The --classes option generates interlinked entity graphs. Requesting RacemicMixture generates the chirality-agnostic form, both enantiomers, and the racemic mixture entity — all with relationship slots populated.

# Generate full racemate graph from stereo-neutral alanine
chemrof convert "CC(N)C(=O)O" --classes RacemicMixture --format json

# Enantiomers only (no mixture entity)
chemrof convert "CC(N)C(=O)O" --classes Enantiomer

# From a specific enantiomer — generates agnostic + mirror + mixture
chemrof convert "C[C@@H](N)C(=O)O" --classes RacemicMixture

# Racemic InChI auto-triggers autochain
chemrof convert "InChI=1/C3H7NO2/c1-2(4)3(5)6/h2H,4H2,1H3,(H,5,6)/t2-/s3"

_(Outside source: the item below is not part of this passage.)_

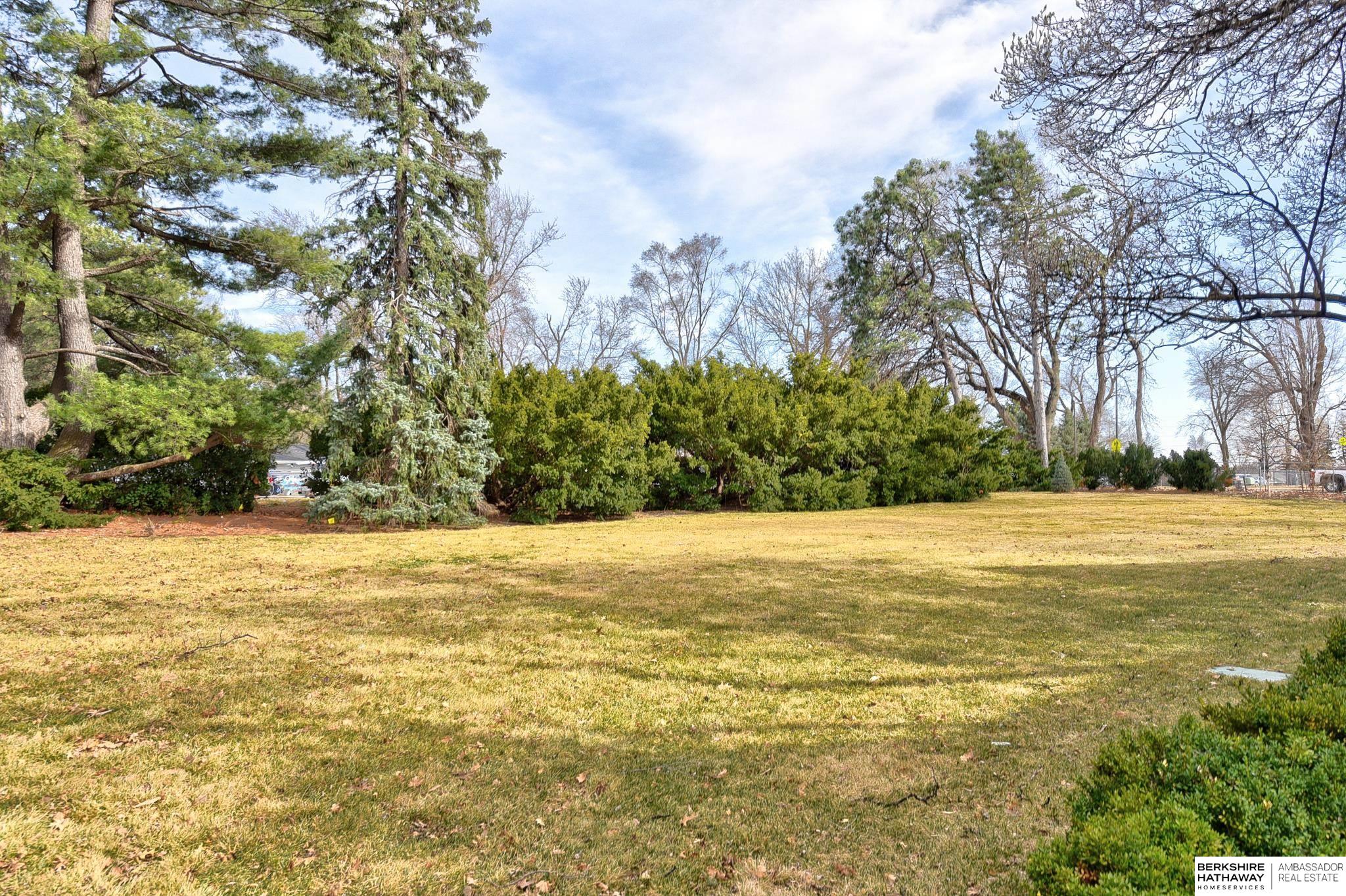 Omaha, Nebraska 68114, United States, 5 Bedrooms Bedrooms, ,6 BathroomsBathrooms,Residential,Pending,91464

Chemical salts: Salt SMILES (multi-fragment, opposite charges) are auto-detected and decomposed into cation + anion + salt entities:

# NaCl → Na+ entity, Cl- entity, NaCl salt entity
chemrof convert "[Na+].[Cl-]" --format json

# Sodium acetate
chemrof convert "[Na+].CC([O-])=O" --format json

# Explicit --classes flag
chemrof convert "[Ca+2].[Cl-].[Cl-]" --classes ChemicalSalt --format json

Tautomers: Enumerate tautomeric forms and cross-link via tautomer_of:

# 2-hydroxypyridine / 2-pyridinone tautomers
chemrof convert "Oc1ccccn1" --classes Tautomer --format json

v1 limitation: autochain only supports single-stereocenter molecules.

Enrichers

Enrichers pull additional data from external databases after RDKit computes the structural properties. Pass a comma-separated list:

chemrof convert CCO --enrichers pubchem
chemrof convert CCO --enrichers pubchem,chebi
Source Status What it adds
pubchem Working Preferred IUPAC name and PubChem CID (via InChIKey lookup)
chebi Stub Will resolve CHEBI identifiers via OLS
wikidata Stub Will resolve Wikidata QIDs via SPARQL

Auto-classification

The converter inspects the parsed molecule and picks the most specific chemrof class:

Structure chemrof type
Single atom, positive (e.g. [Ca+2]) AtomCation
Single atom, negative (e.g. [Cl-]) AtomAnion
Single atom, neutral (e.g. [He]) UnchargedAtom
Multi-fragment salt (e.g. [Na+].[Cl-]) ChemicalSalt
Multi-atom, all stereocenters assigned (e.g. C[C@@H](N)C(=O)O) Enantiomer
Multi-atom, positive (e.g. [NH4+]) MolecularCation
Multi-atom, negative (e.g. CC([O-])=O) MolecularAnion
Multi-atom, neutral (e.g. CCO) SmallMolecule

chemrof from-smiles (deprecated)

Hidden alias for chemrof convert. Still works for backwards compatibility but does not support --classes or --autochain.

Examples

# Ethanol as YAML
chemrof convert CCO

# InChI input
chemrof convert "InChI=1S/C2H6O/c1-2-3/h3H,2H2,1H3"

# Benzene and water as JSON
chemrof convert c1ccccc1 O --format json

# Calcium ion with PubChem enrichment
chemrof convert "[Ca+2]" --enrichers pubchem

# Enantiomer detection
chemrof convert "C[C@@H](N)C(=O)O" --format json

# Full racemic mixture graph
chemrof convert "CC(N)C(=O)O" --classes RacemicMixture --format json

# Multiple ions as OWL
chemrof convert "[Ca+2]" "[Cl-]" "[NH4+]" --format owl

# Pipe OWL output to a file
chemrof convert CCO --format owl > ethanol.ofn